Start of Block

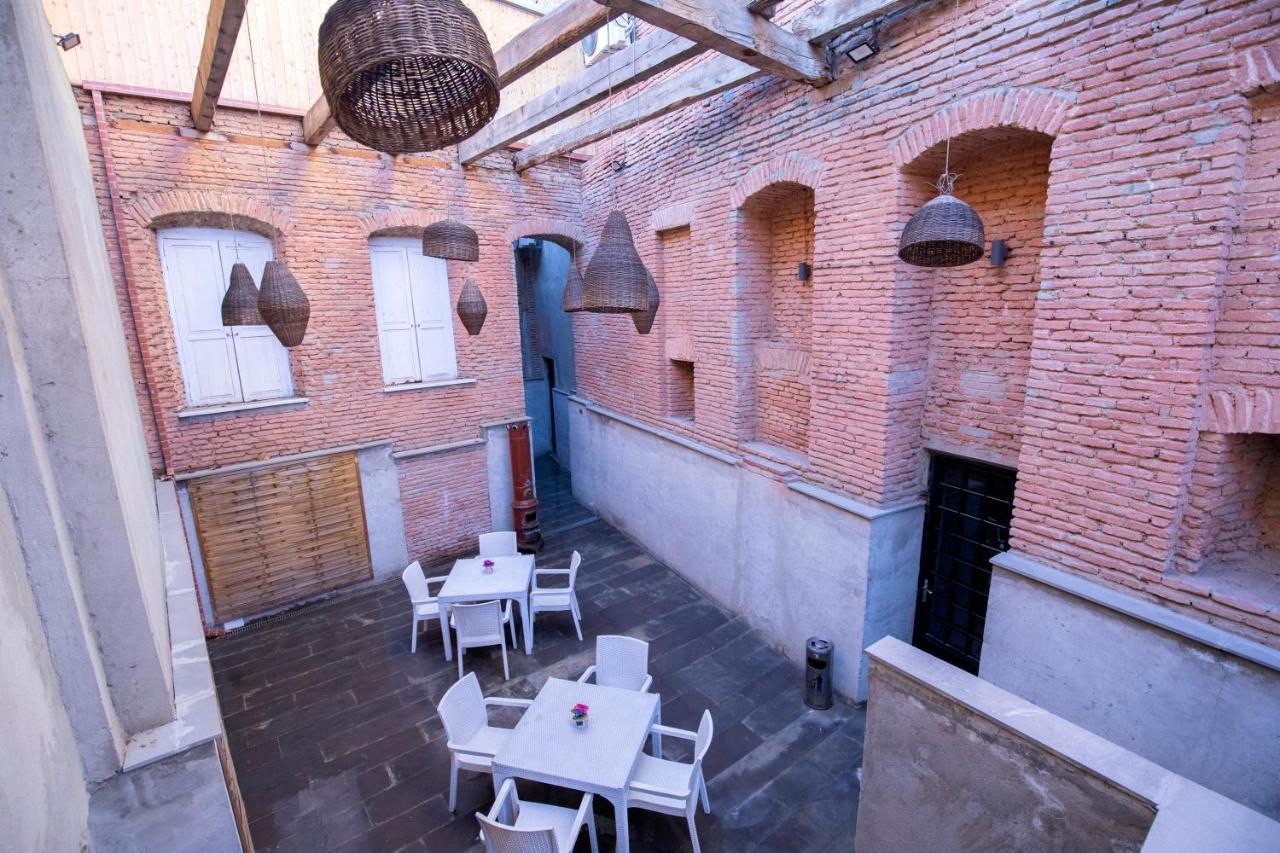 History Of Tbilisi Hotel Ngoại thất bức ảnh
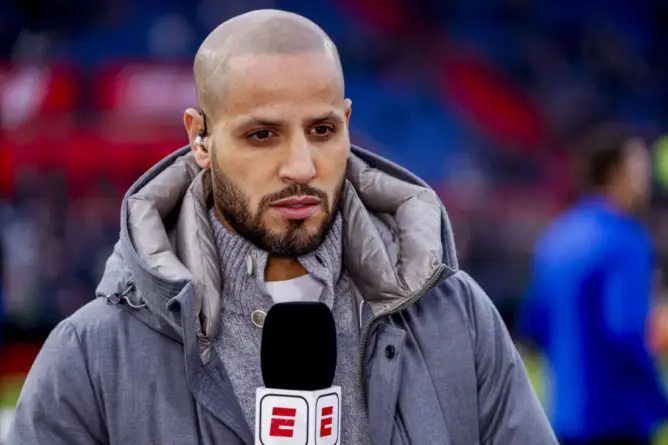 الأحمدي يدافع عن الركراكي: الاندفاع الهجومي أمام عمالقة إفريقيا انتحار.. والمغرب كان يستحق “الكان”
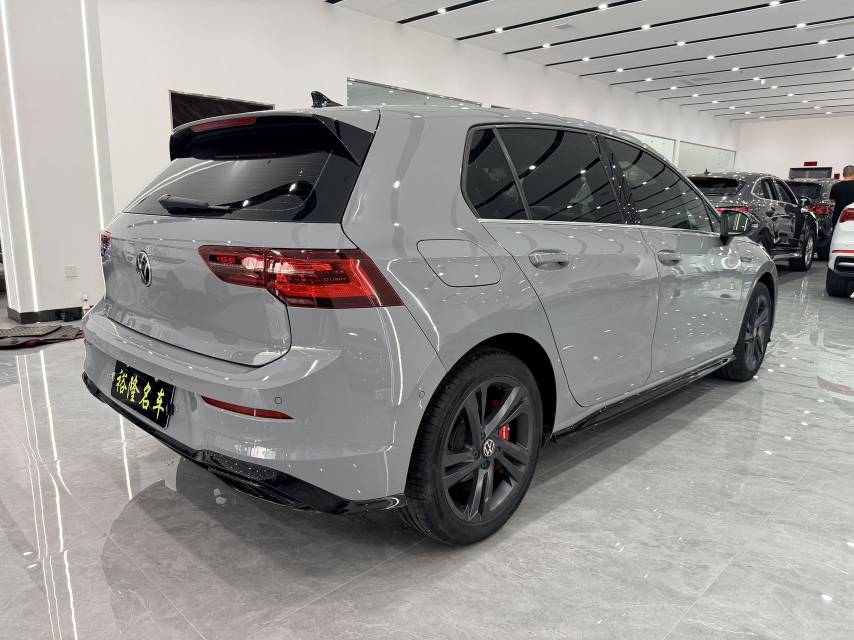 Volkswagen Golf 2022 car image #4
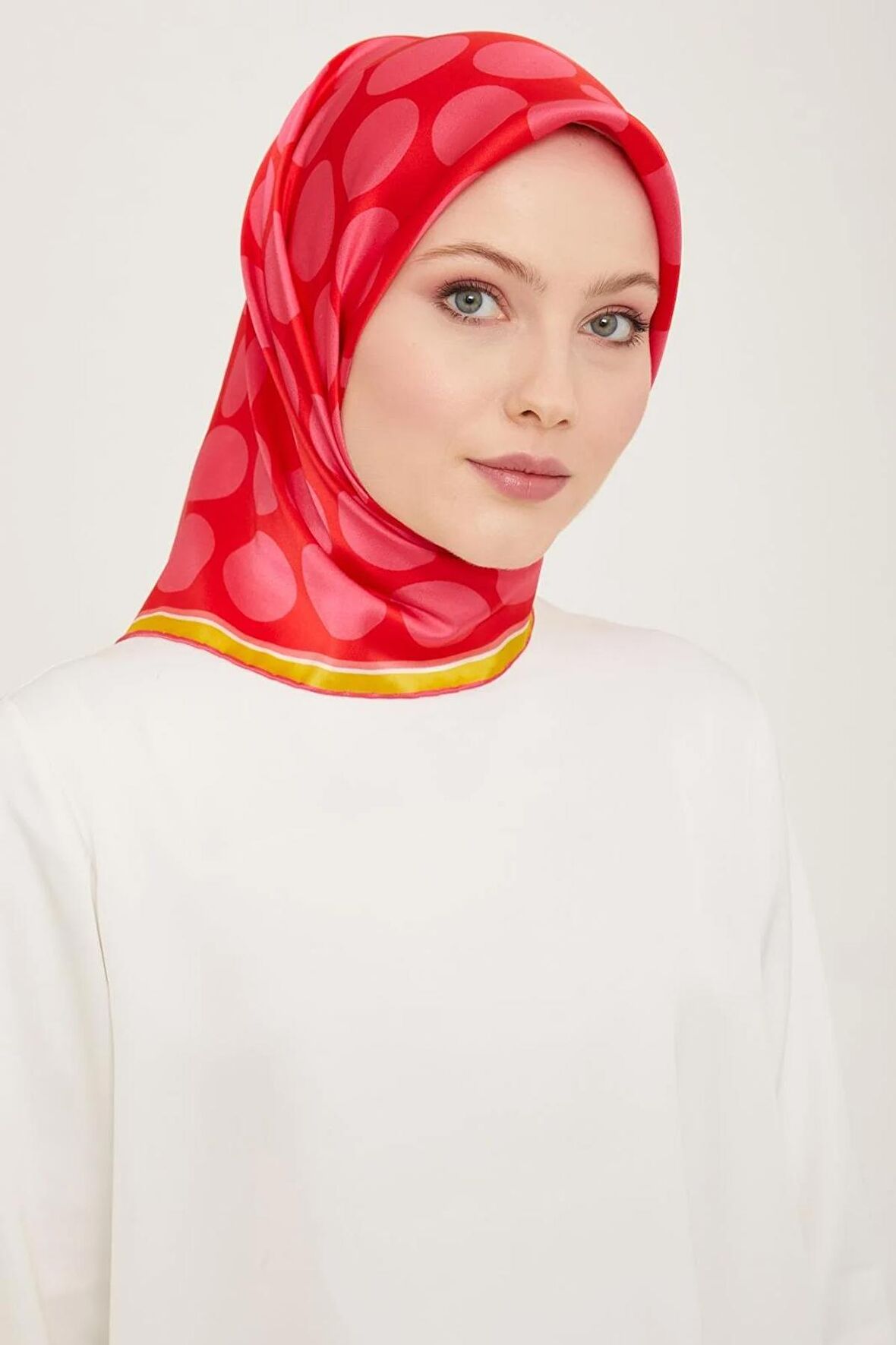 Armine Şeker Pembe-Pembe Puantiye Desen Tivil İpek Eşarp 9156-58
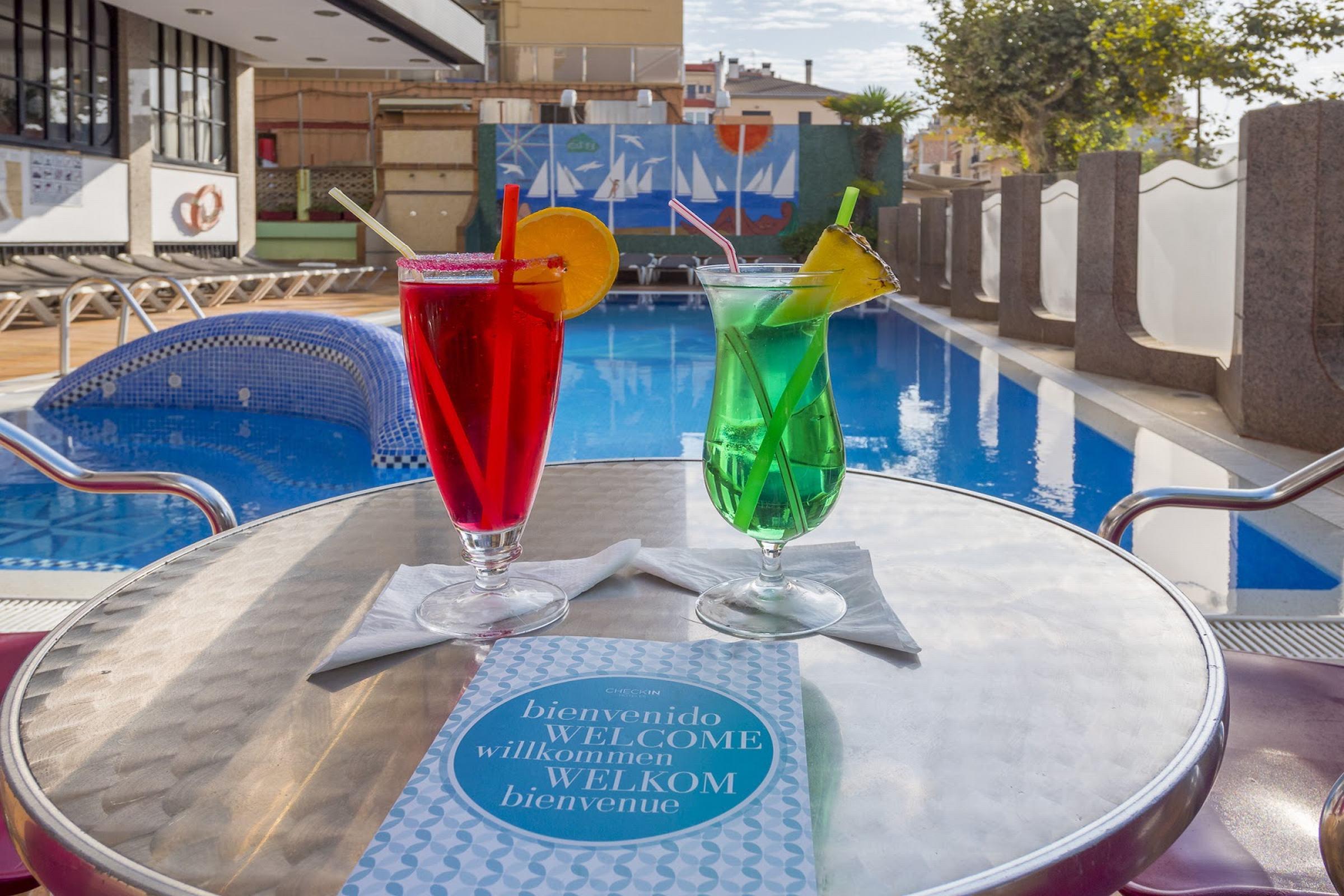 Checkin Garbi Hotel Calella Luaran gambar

End of Block

WHAT THE TASK ASKS:
Reproduce each line above exactly, but not a single picture.

TASK OUTPUT:
 History Of Tbilisi Hotel Ngoại thất bức ảnh
 الأحمدي يدافع عن الركراكي: الاندفاع الهجومي أمام عمالقة إفريقيا انتحار.. والمغرب كان يستحق “الكان”
 Volkswagen Golf 2022 car image #4
 Armine Şeker Pembe-Pembe Puantiye Desen Tivil İpek Eşarp 9156-58
 Checkin Garbi Hotel Calella Luaran gambar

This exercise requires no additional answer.